Wednesday, May 14, 2014

This Election

In roughly ten days, EU elections will be held across all EU countries (yes, Germany included).

A hotly contested race?  No.  You will see some posters hanging up.  There are a few commercials on TV.   Public discussion forums?  Mostly rare and talking mostly stances and little else.

Why isn't it held with the national elections?  Well....every European country runs it's own election cycle, so it's impossible to get one date that makes everyone happy.  It's held on a four-year cycle.
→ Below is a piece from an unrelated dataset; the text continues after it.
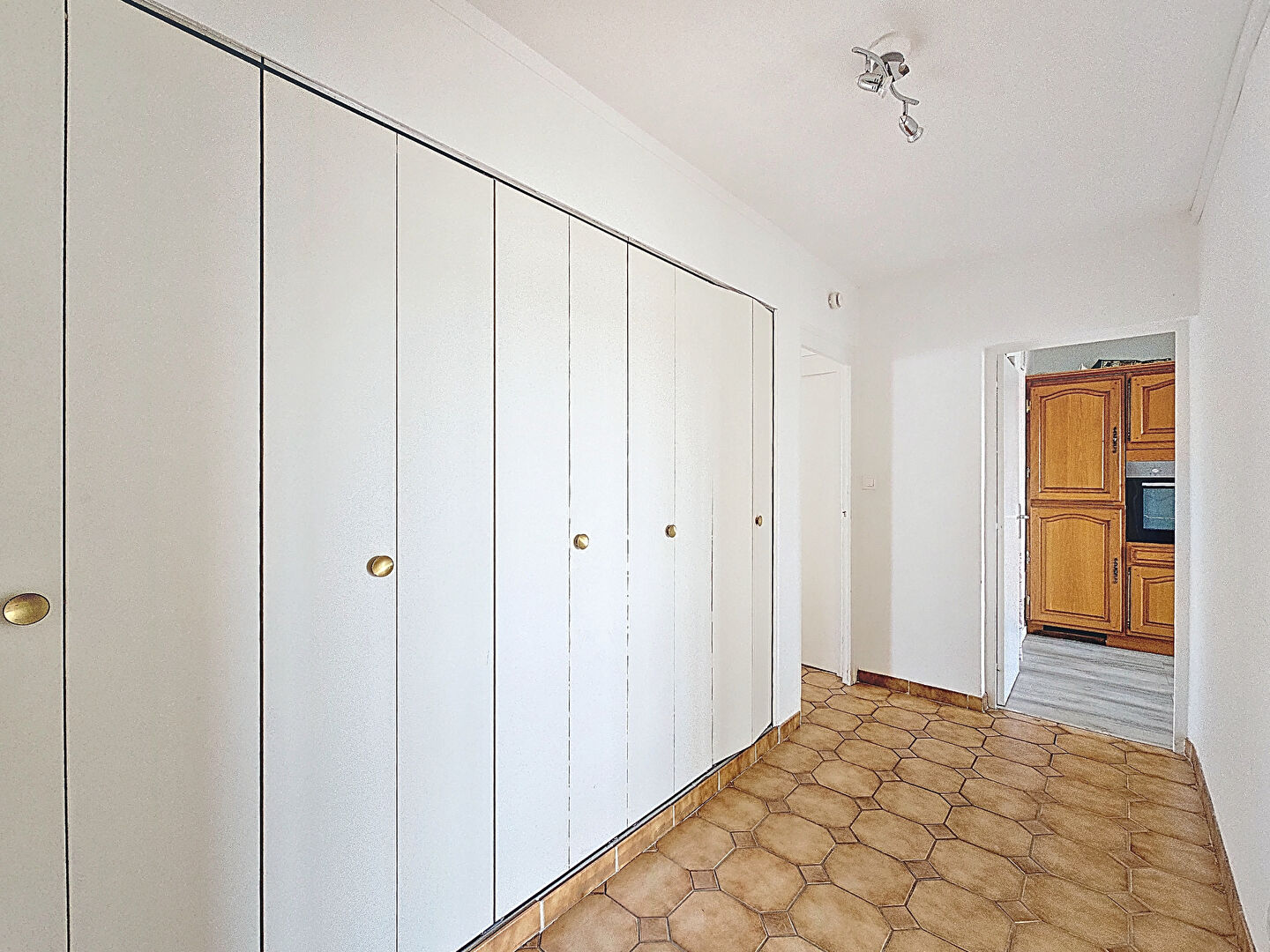 Nancy _ Parc Sainte-Marie_F4 83m²_3 chambres_ parking sous sol_DPE C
What does the EU parliament structure do?  They generally talk on subjects which don't get brought up in their own their own papers....or in their own public forums.  And the EU guys pass legislation which is expected to be the final word on various topics.  As you can imagine.....some folks wake up and suddenly realize that something pretty big and drastic....never got discussed in the German public, yet gets passed via the EU mechanism.

One example?  The EU sat down and thought that it would be wonderful if all cars sold would be mandated to have a GPS-like device which talked back to a satellite....alerting them to call a cop, a ambulance or mechanical help.  So they mandated that all cars in the EU....newly manufactured in 2015....must have this chip-GPS-like device.
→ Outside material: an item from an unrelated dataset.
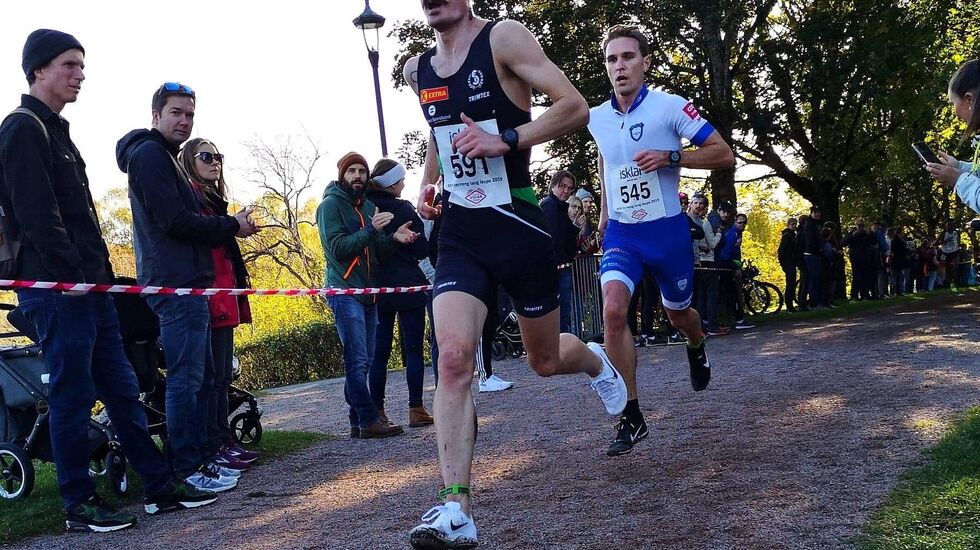 Henrik Ingebrigtsen har her initiativet over Didrik Tønseth. (Foto: Christian Prestegård)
What keeps the device from reporting mileage for tax purposes?  One simple update, and it'd report weekly or monthly or yearly mileage.  Most political folks think by 2020.....the EU will quietly establish a very cheap low-cost tax on milage accomplished.  It might be twenty or forty Euro a year....just to establish a threshold in the mileage tax arena.  Could such a feature ever get passed by Germans via the Bundestag?  No.  The EU gimmick is a way to get things done by political parties, without much internal discussion within their own country.

The unique features of this 2014 race?  The BIG Partei is actively pushing an agenda.    It's described (their own words) as a multi-cultural political party.  What BIG tends to say is that the current agenda is a failure of economics, immigration, education, and family traditions.

I sat down for a while and looked at their platform. It's a pretty generic listing: peace and freedom, security, compassion, love, patience, humility, innovation, honesty, mutual loyalty, and appreciation. Generally, it's hard to find anyone against these features of life.  Then I kinda came to this one slogan of need to be open-minded.....meaning that a liberal and conservative attitude doesn't get you the right solution.  A guy would stand there and ask some stupid questions at that point, and suspect that there's some type of gimmick that hasn't been fully explained in the details.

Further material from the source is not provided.